**WHAT TO PRODUCE:** Could you repeat every entry below word for word, leaving out the pictures?

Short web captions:
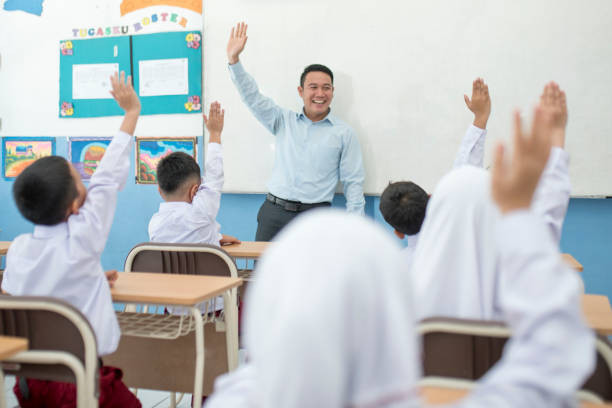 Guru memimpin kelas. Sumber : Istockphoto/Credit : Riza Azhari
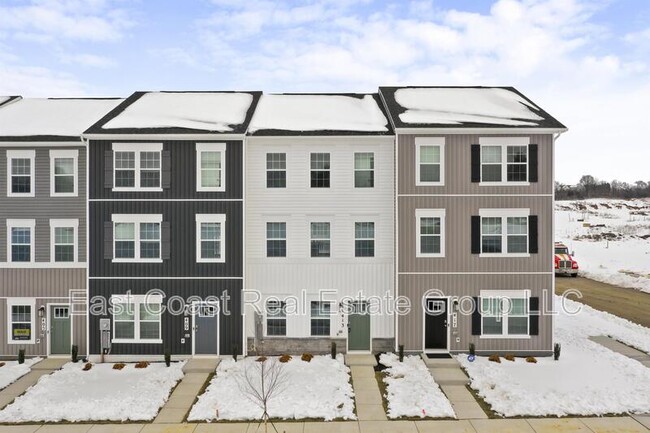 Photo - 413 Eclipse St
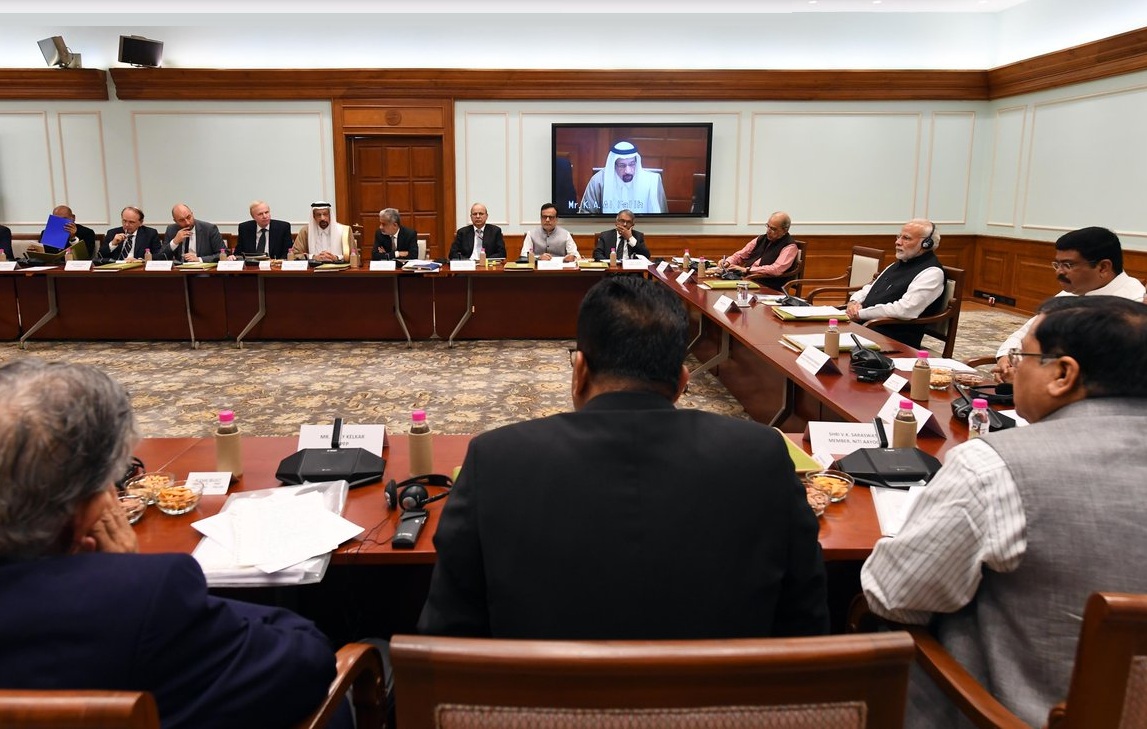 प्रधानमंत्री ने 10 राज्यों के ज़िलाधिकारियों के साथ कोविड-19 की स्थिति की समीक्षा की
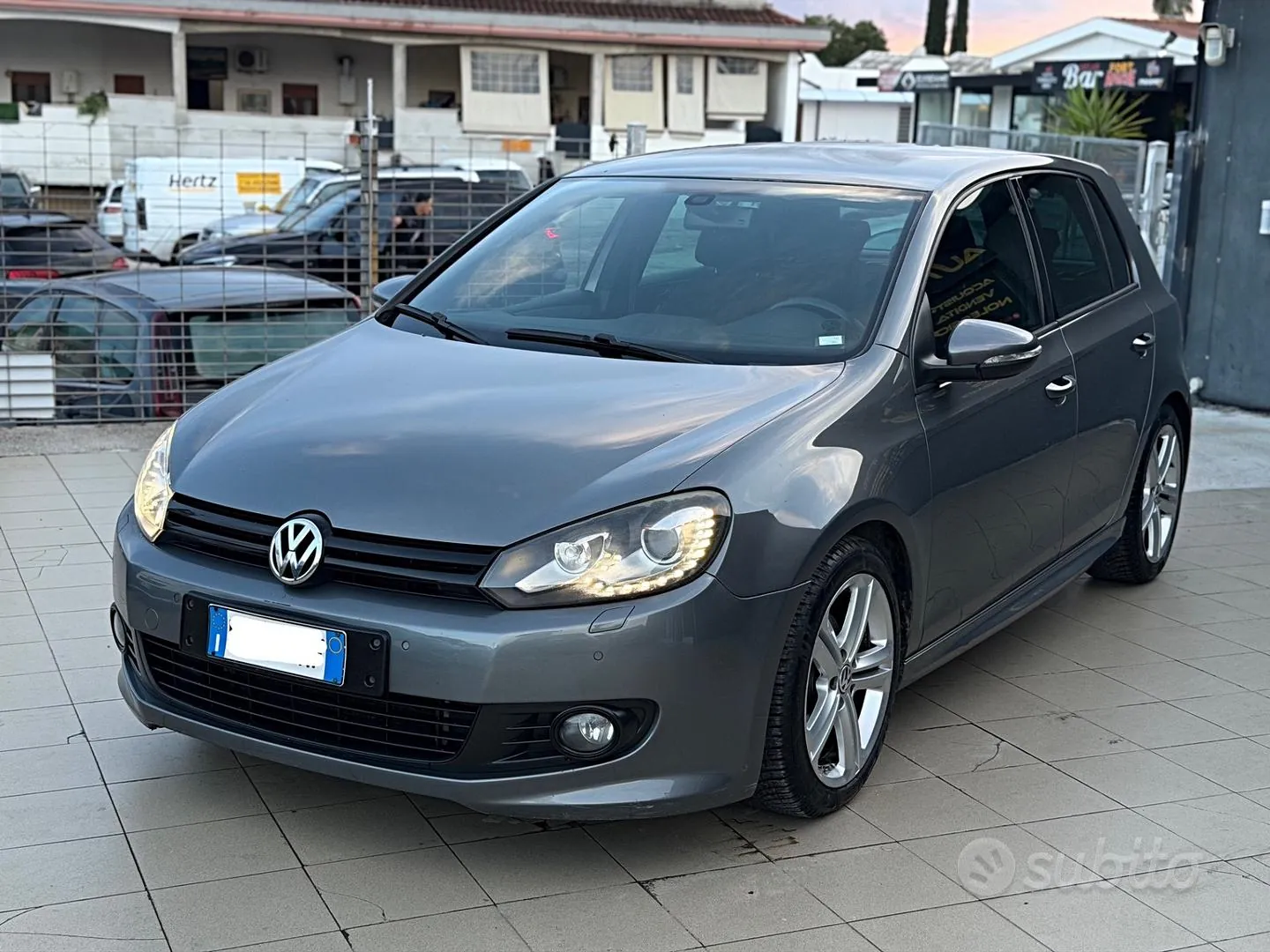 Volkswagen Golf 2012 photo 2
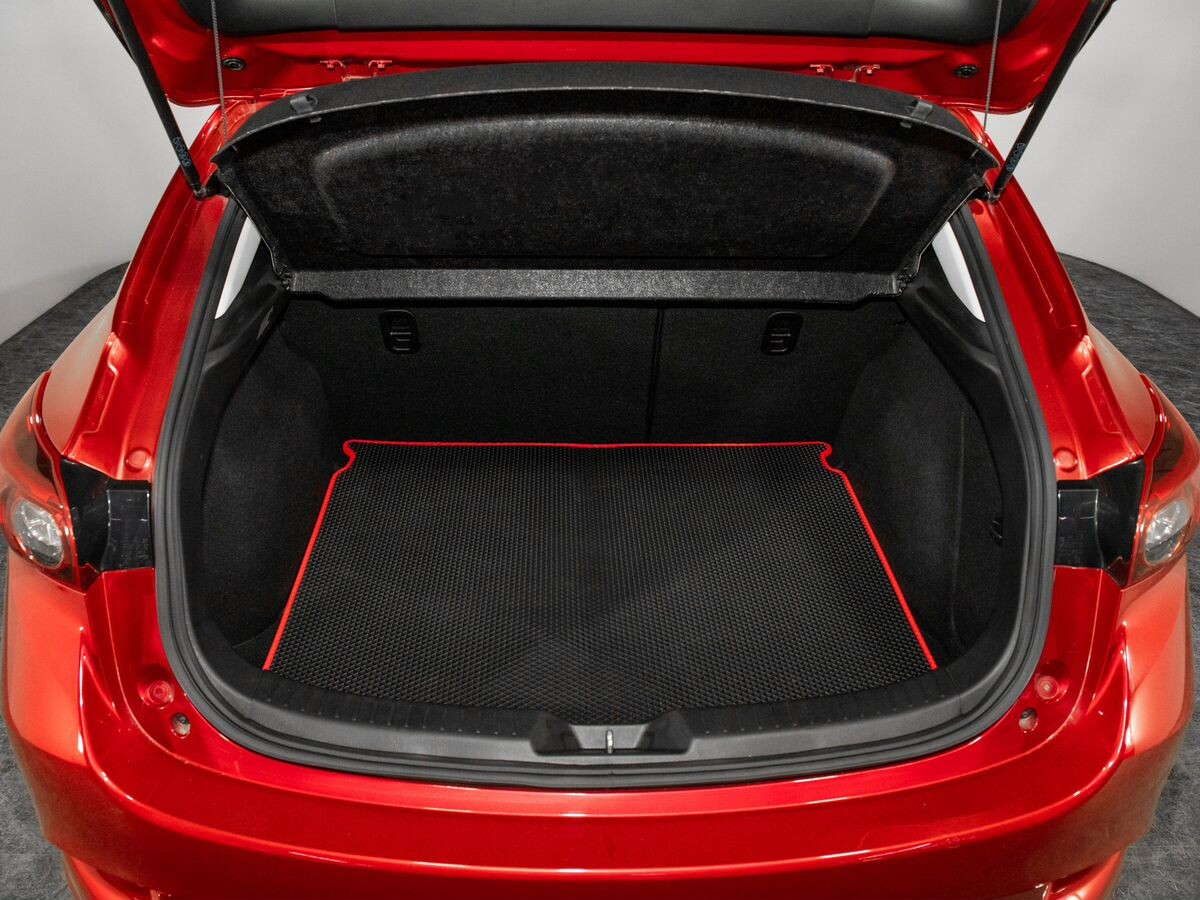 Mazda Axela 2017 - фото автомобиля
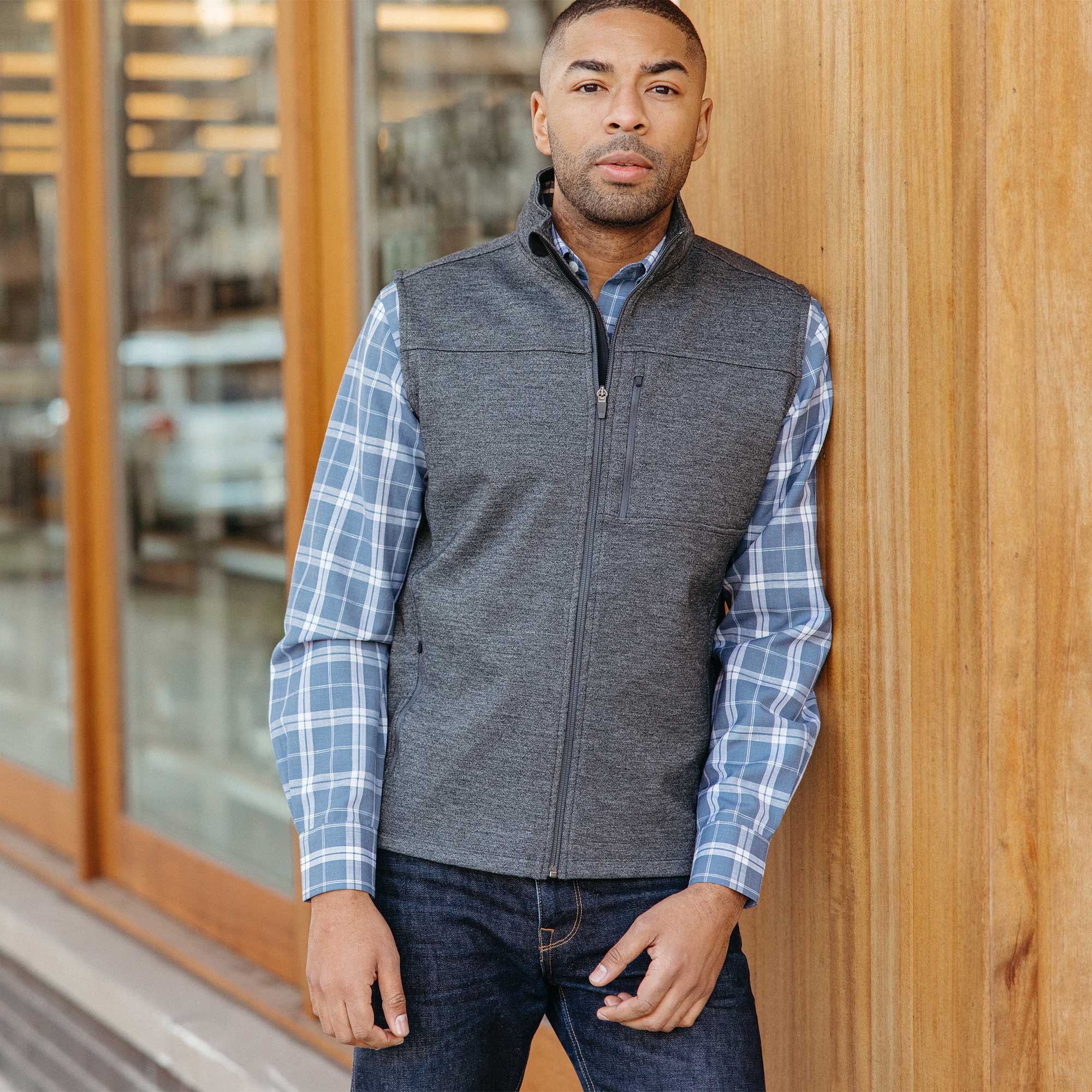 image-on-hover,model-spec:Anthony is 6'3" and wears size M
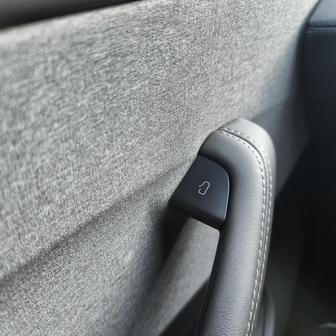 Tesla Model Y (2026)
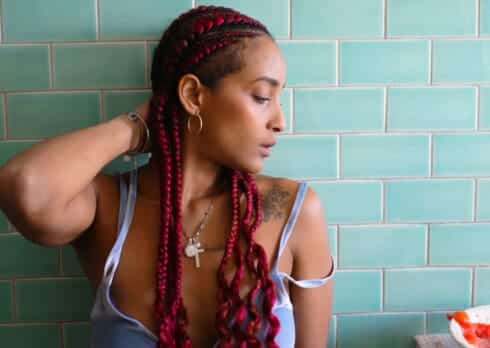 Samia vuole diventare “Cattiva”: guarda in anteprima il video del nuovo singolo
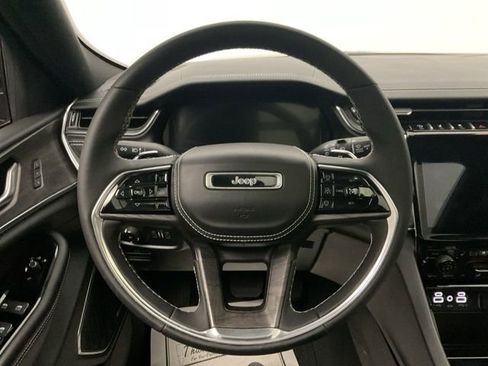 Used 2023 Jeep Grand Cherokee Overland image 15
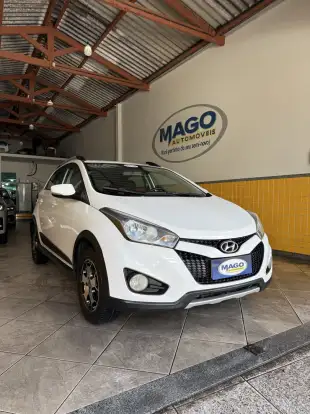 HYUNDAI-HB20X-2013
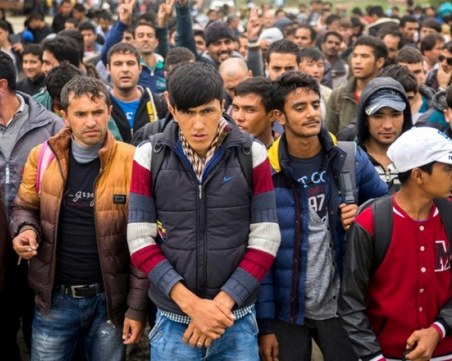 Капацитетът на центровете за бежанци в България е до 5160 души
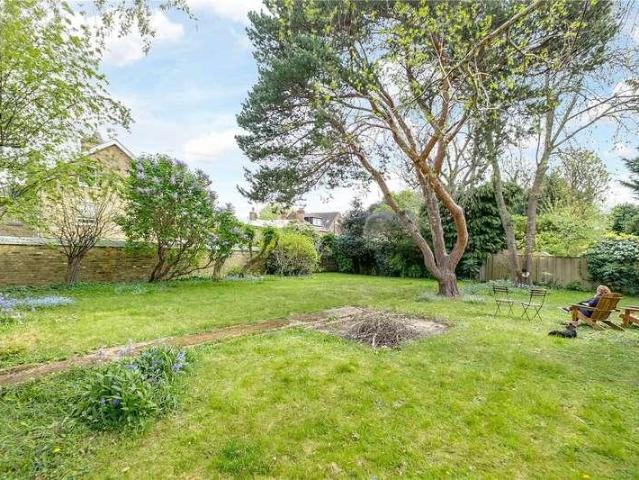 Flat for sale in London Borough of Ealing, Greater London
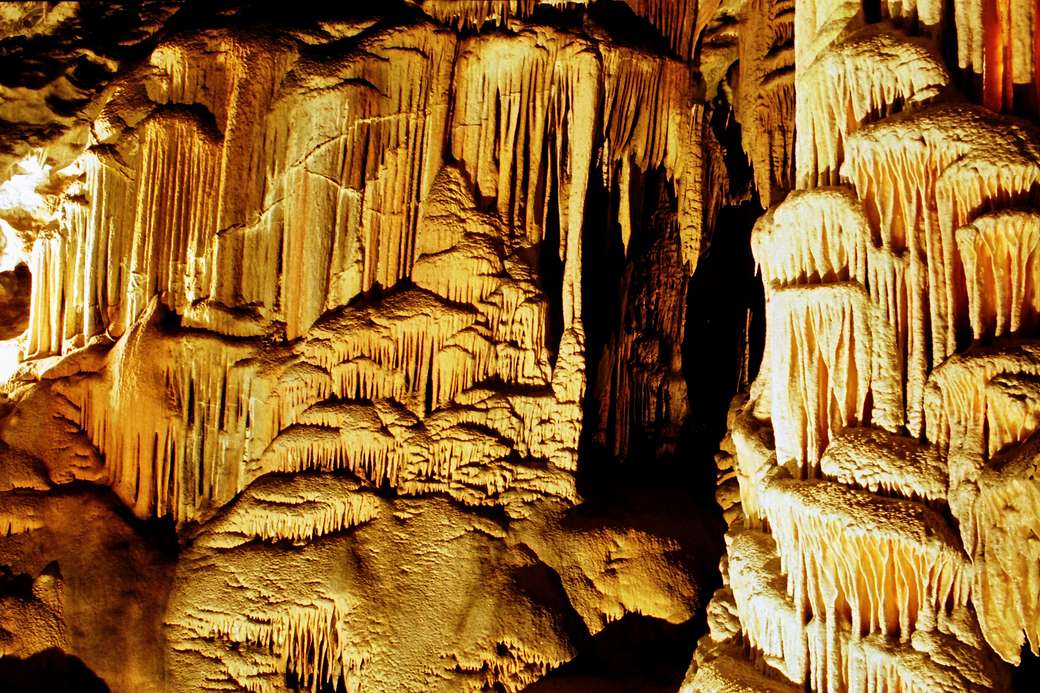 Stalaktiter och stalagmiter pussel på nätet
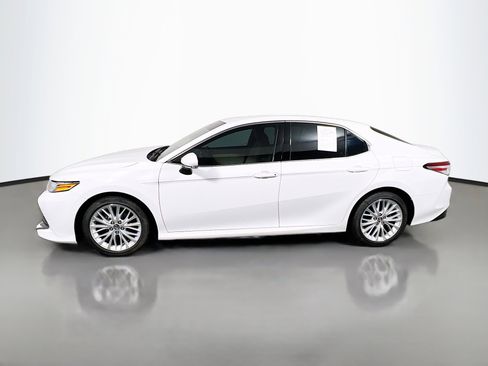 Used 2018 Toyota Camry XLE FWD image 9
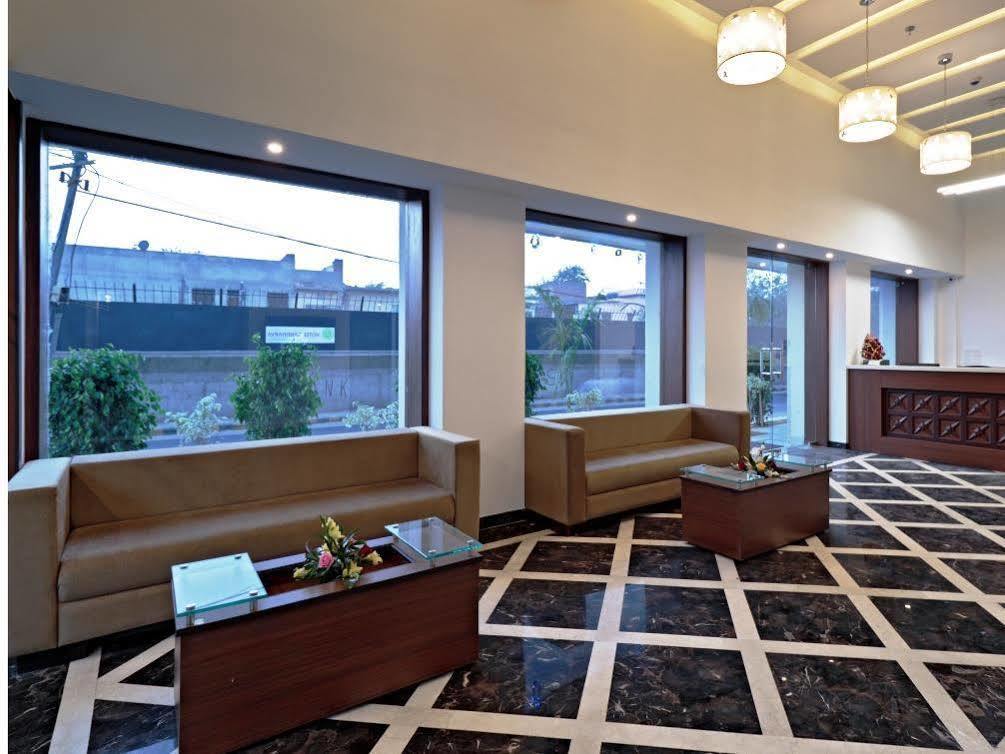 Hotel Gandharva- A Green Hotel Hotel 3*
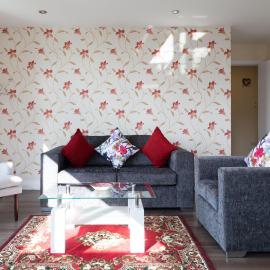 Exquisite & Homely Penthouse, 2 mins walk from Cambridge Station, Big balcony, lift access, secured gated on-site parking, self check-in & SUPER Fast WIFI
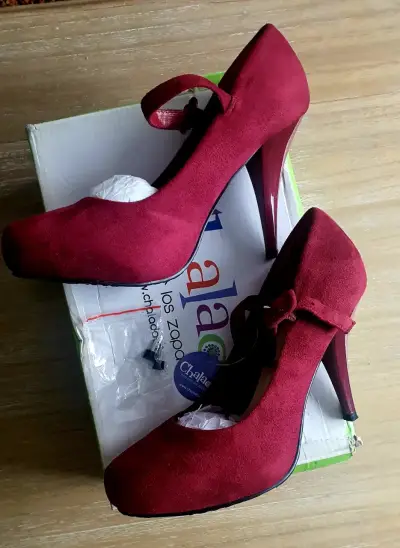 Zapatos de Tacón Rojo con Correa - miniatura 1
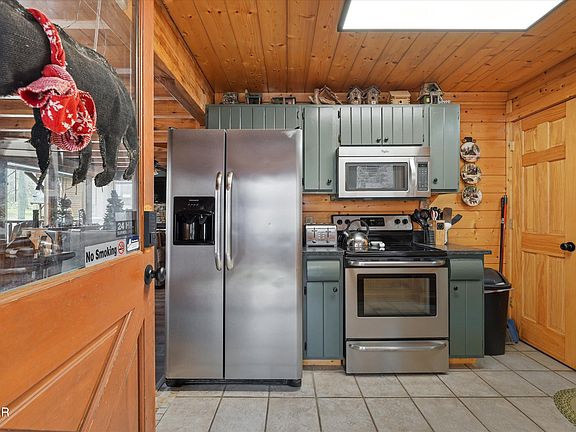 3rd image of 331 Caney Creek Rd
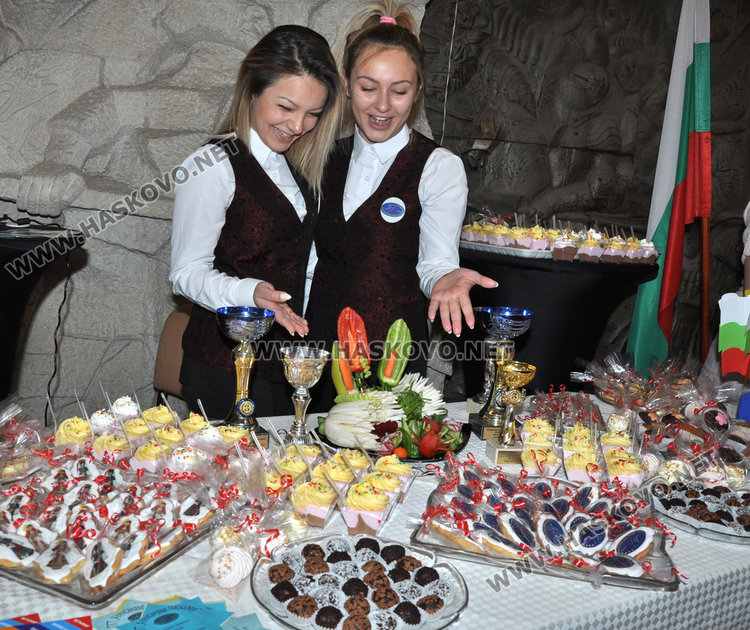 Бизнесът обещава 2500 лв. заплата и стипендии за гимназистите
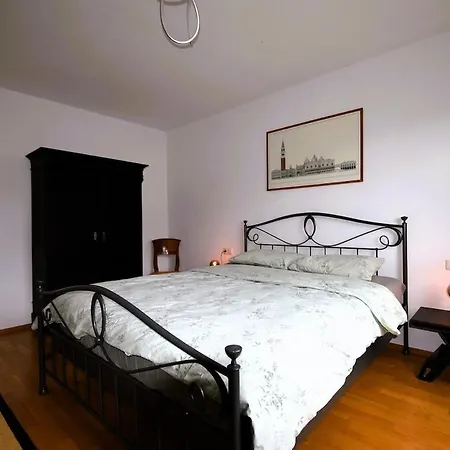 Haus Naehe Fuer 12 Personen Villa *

**WRITTEN REPLY:**
 Guru memimpin kelas. Sumber : Istockphoto/Credit : Riza Azhari
 Photo - 413 Eclipse St
 प्रधानमंत्री ने 10 राज्यों के ज़िलाधिकारियों के साथ कोविड-19 की स्थिति की समीक्षा की
 Volkswagen Golf 2012 photo 2
 Mazda Axela 2017 - фото автомобиля
 image-on-hover,model-spec:Anthony is 6'3" and wears size M
 Tesla Model Y (2026)
 Samia vuole diventare “Cattiva”: guarda in anteprima il video del nuovo singolo
 Used 2023 Jeep Grand Cherokee Overland image 15
 HYUNDAI-HB20X-2013
 Капацитетът на центровете за бежанци в България е до 5160 души
 Flat for sale in London Borough of Ealing, Greater London
 Stalaktiter och stalagmiter pussel på nätet
 Used 2018 Toyota Camry XLE FWD image 9
 Hotel Gandharva- A Green Hotel Hotel 3*
 Exquisite & Homely Penthouse, 2 mins walk from Cambridge Station, Big balcony, lift access, secured gated on-site parking, self check-in & SUPER Fast WIFI
 Zapatos de Tacón Rojo con Correa - miniatura 1
 3rd image of 331 Caney Creek Rd
 Бизнесът обещава 2500 лв. заплата и стипендии за гимназистите
 Haus Naehe Fuer 12 Personen Villa *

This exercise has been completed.